Make self-assignments no-ops at the ObjectStore layer.

Currently not a practical option due to that not all property sets actually go through the object store, and mandating that bindings never call Table::set() directly would be a large project for the 3.0 timeframe.

The text was updated successfully, but these errors were encountered:

ironage · 2017-08-09T01:57:53Z

@simonask do you foresee any problems integrating this change with sync, or can we go ahead and implement?

astigsen · 2017-08-09T02:13:08Z

This is something that could potentially be very expensive performance wise, so we should make sure that we benchmark it and implement it at the right level.

It could potentially be implemented in the setter at the leaf level so that we don't have have to traverse the b-tree twice, but it is obviously only worth doing this if profiling shows it to be an actual performance problem.

simonask · 2017-08-09T05:59:26Z

For sync, it does create a behavioral change, because of "last write wins". This means that if a different client wrote to the field between the previous set instruction and the one you are throwing away, the other client will now "win" with this change.

By the way, we are implementing log compaction in Sync to address the same situation (redundant instructions), so the motivation to do this should be purely for Core performance. :-)

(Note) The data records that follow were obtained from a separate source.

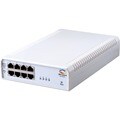 PowerDsine 3504G PoE Injector Hub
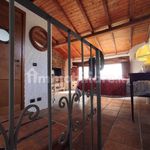 Rent 2 bedroom house of 70 m² in Lavagna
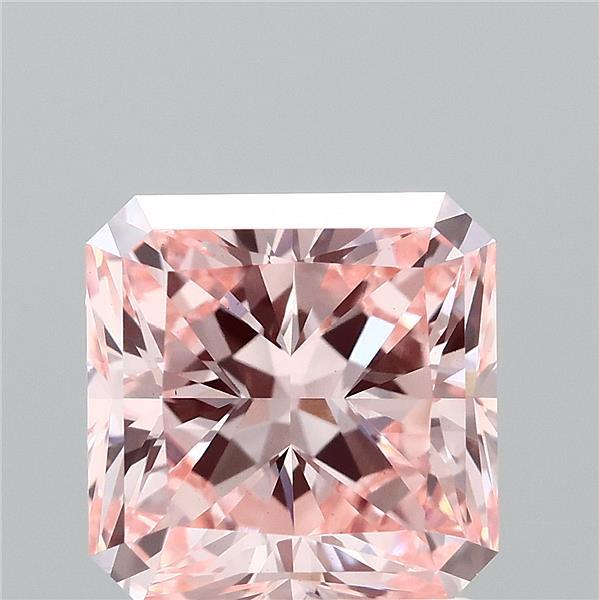 SQUARE RADIANT
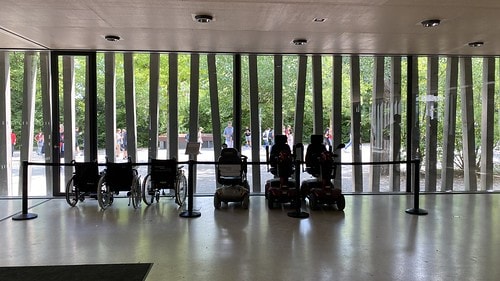 【歐洲|德國】20230705 德奧捷自駕之旅:達浩Dach IMG_2258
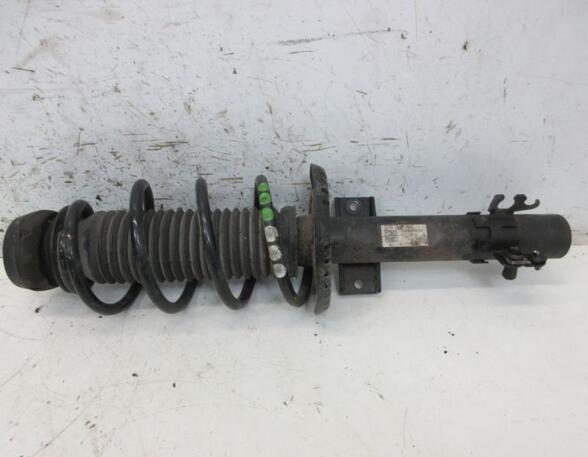 Suspension Strut VW Polo (6C1, 6R1)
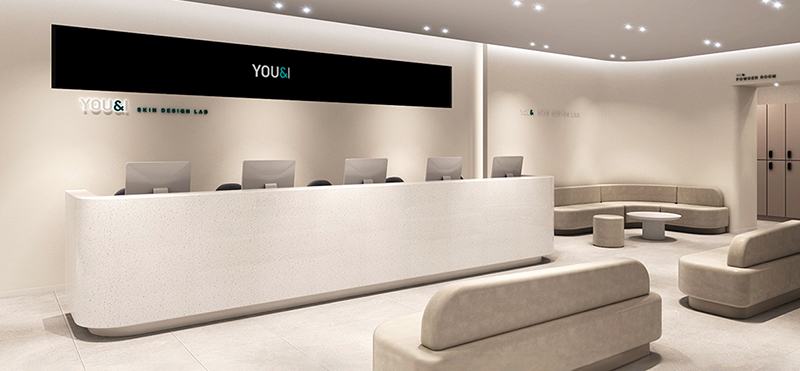 유앤아이의원 부평점 병원 정보 이미지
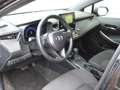 Toyota Corolla Touring Sports 1.8 Hybrid First Edition - 1e eig! Negro - thumbnail 15
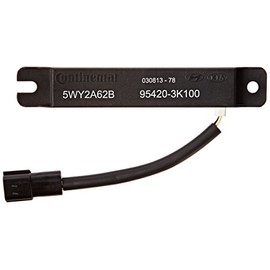 Genuine Hyundai 95420-3K100 Smart Key Antenna Assembly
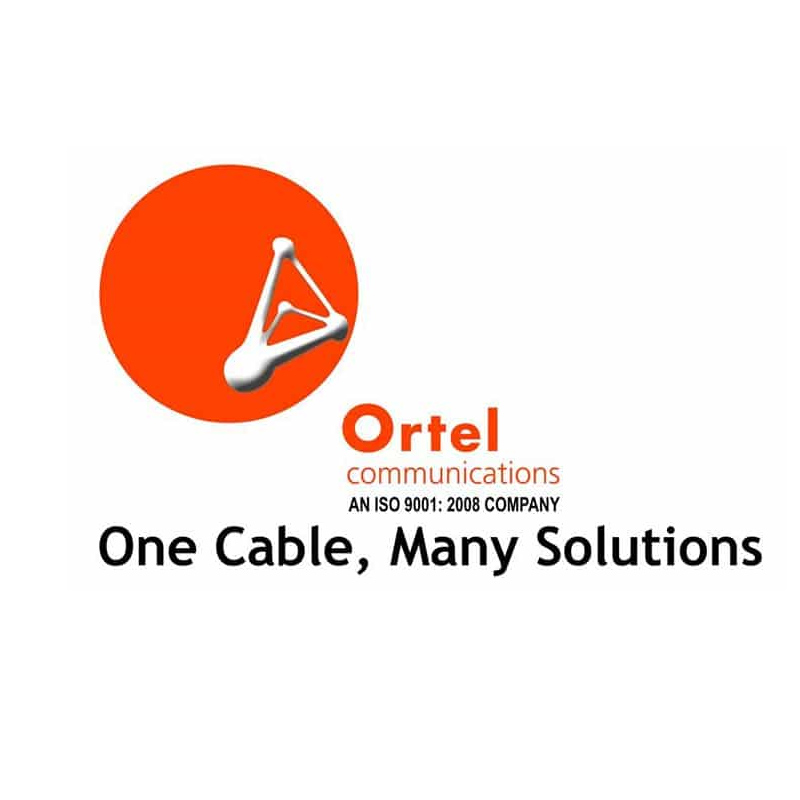 Ortel loss mounts: NCLT orders insolvency process
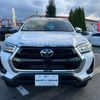 toyota hilux 2020 -TOYOTA--Hilux GUN125--3918653---TOYOTA--Hilux GUN125--3918653- image 23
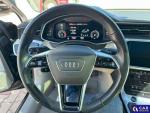 Audi A7 Sportback 50 TDi MR`18 E6 4G Aukcja 300080 - grafika 107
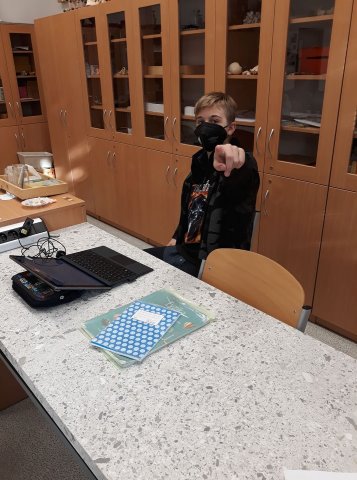 260719278_433942891447910_3980276761627459999_n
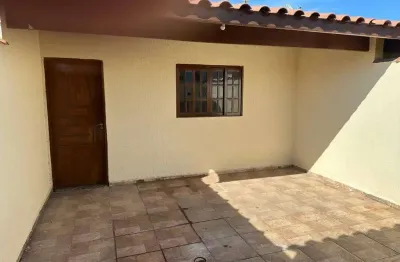 Casa à venda, praia das palmeiras, caraguatatuba, sp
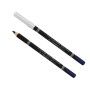 Eye Pencil LeClerc 05 Bleu Rive Gauche (1,2 g) by LeClerc, Kohl Pencils - Ref: S4505473, Price: 17,52 €, Discount: %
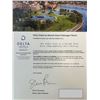 Image 1 : 1-NIGHT STAY AT DELTA HOTELS GRAND OKANAGAN RESORT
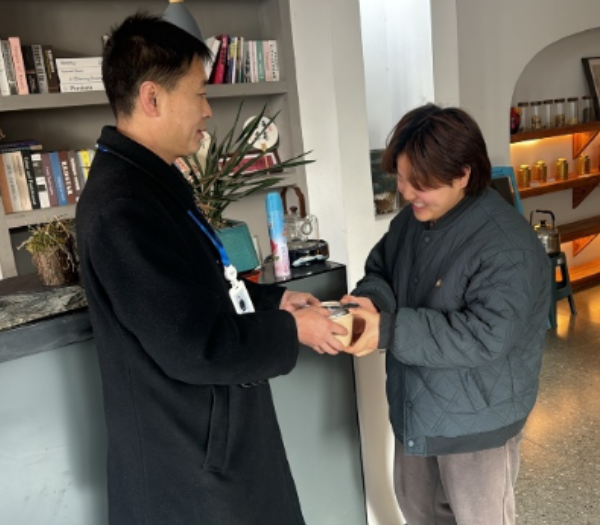 开云电子·kaiyun(中国游)官方网站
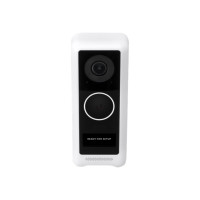 Ubiquiti UniFi Protect G4 Doorbell - Türklingel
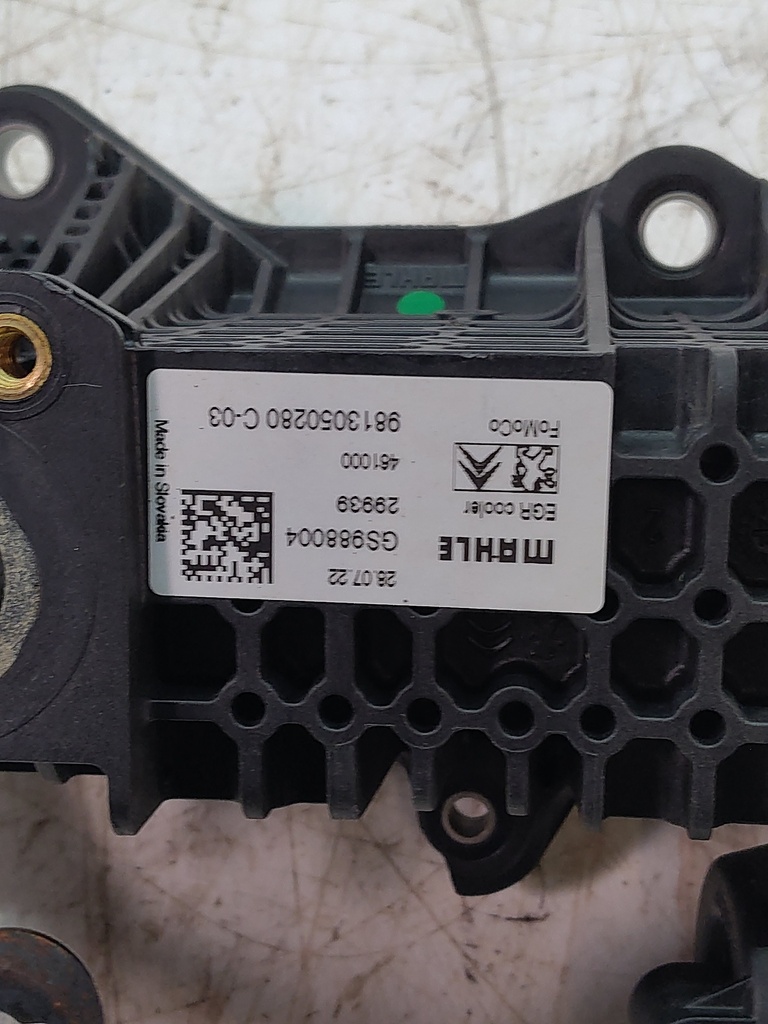 MTD-513722-3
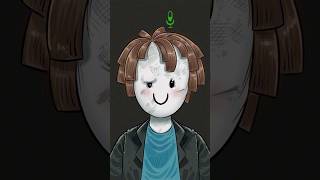 sadkid 246 😢sadkid246 roblox animation robloxanimation robloxedit robloxshorts robloxtrend [upl. by Elyod]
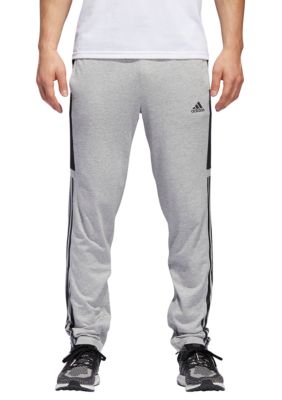 belk mens sweatpants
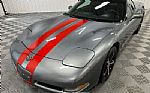 2004 Corvette Thumbnail 3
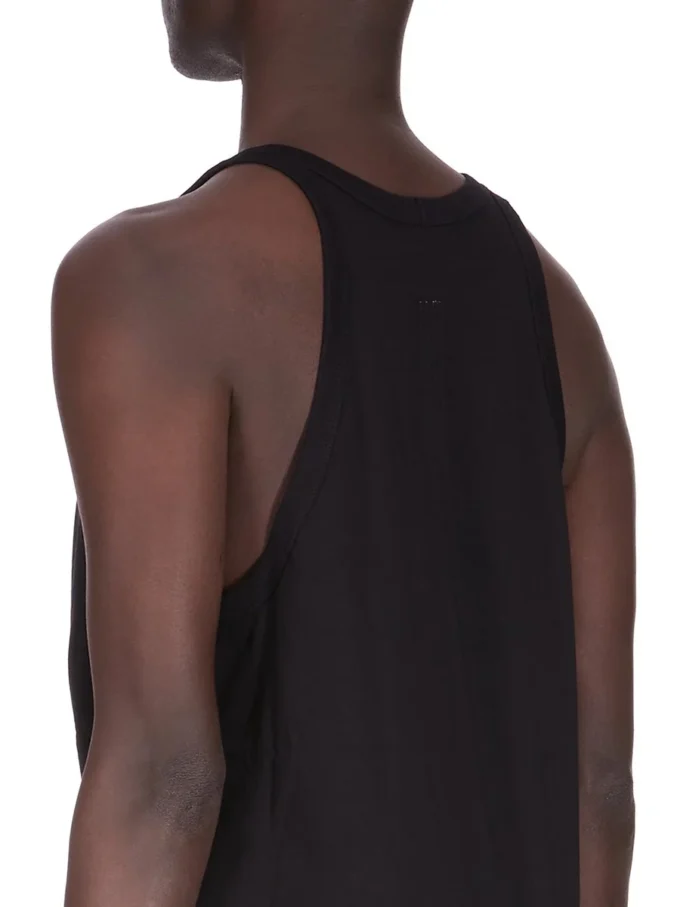 RICK OWENS – TOPS RR02E1101JA-09 RICK OWENS – TOPS RR02E1101JA-09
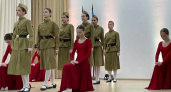 16 образовательных организаций Владимирской области посвятили песни Афганистану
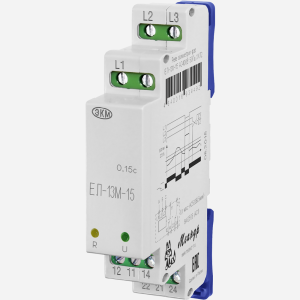 48c4c9c4e54a11e2aefd6cf049b0bdca_29db71c5bf5011e591d1002590d116e7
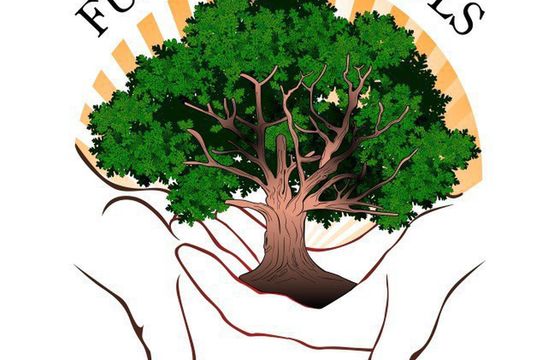 Telewizja Puls tworzy Fundację “Pod Dębem”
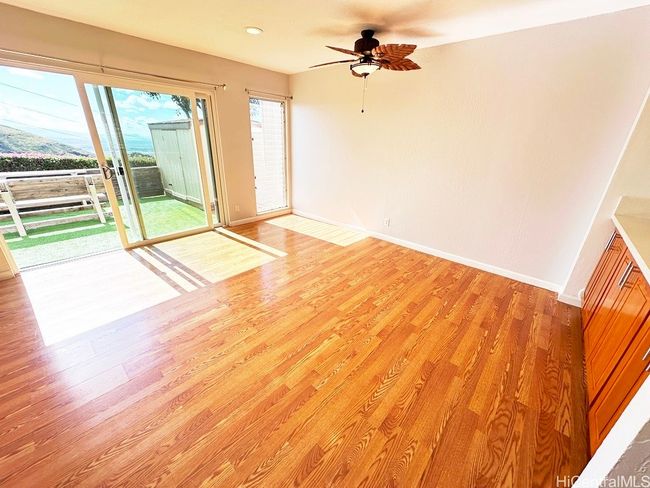 APT-87 - 92-1043 Makakilo Dr, House other with 3 bedrooms, 2 bathrooms and 2 parking in Kapolei HI | Image 6
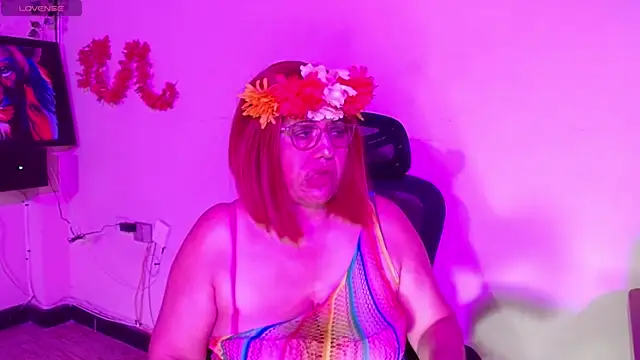 Snapshot of _samara chatting on September 30, 12:04 am samara online show from September 30, 12:04 am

By the way, it would be fine from our perspective to skip writing to the database, but still emit the instruction (potentially reducing amount of CoW-memory), but also potentially not making any difference at all, since the commit log entry must still be written). I would love to see if that has any impact on benchmarks. :-)

tgoyne · 2017-08-09T15:00:25Z

It creates a behavioral change, but it is just as easy to think of scenarios where the current behavior is undesirable (e.g. user copies object out of Realm, modifies one field, copies it back in, and then overwrites a change made on a different client that they did not mean to overwrite) as scenarios where this would be worse.

I do not see how log compaction can reduce the size of the transaction logs uploaded by a client unless it does the same logic of checking if each instruction actually changed the value on the client locally before uploading, and doing that just sounds like a slower version of just not emitting the instruction in the first place.

simonask · 2017-08-09T19:52:54Z

That is certainly a scenario that would create a similar problem, but it's a lot more esoteric than setting any property at any point in the program. It's also very easy to explain any unexpected behavior.

Log compaction does not look at the current state of the realm, but scans a sequence of changesets to detect if early instructions are made redundant by later instructions in those changesets. This can run on the client or the server, but we haven't decided yet exactly when the right time is.

I believe that not emitting the instruction would be problematic, but that it is worth investigating if there is anything to be won by eliding the actual update — especially considering it is very likely that something else caused a changelog entry to be emitted in the same transaction (requiring a write in the history regardless, meaning eliminating one instruction makes no real difference), whereas a full CoW on the column is potentially expensive. I don't know if Array already performs this check though?

ironage · 2017-08-09T20:00:49Z

If the existing value is identical, Array::set returns early before CoW.

tgoyne · 2017-08-09T20:08:35Z

This change in functionality has been widely requested for years, both in the linked issue and pretty much every time the subject has come up when talking to users, and not because of write performance. Users are consistently surprised by the idea that we consider setting a property to its existing value to be a a modification of that property.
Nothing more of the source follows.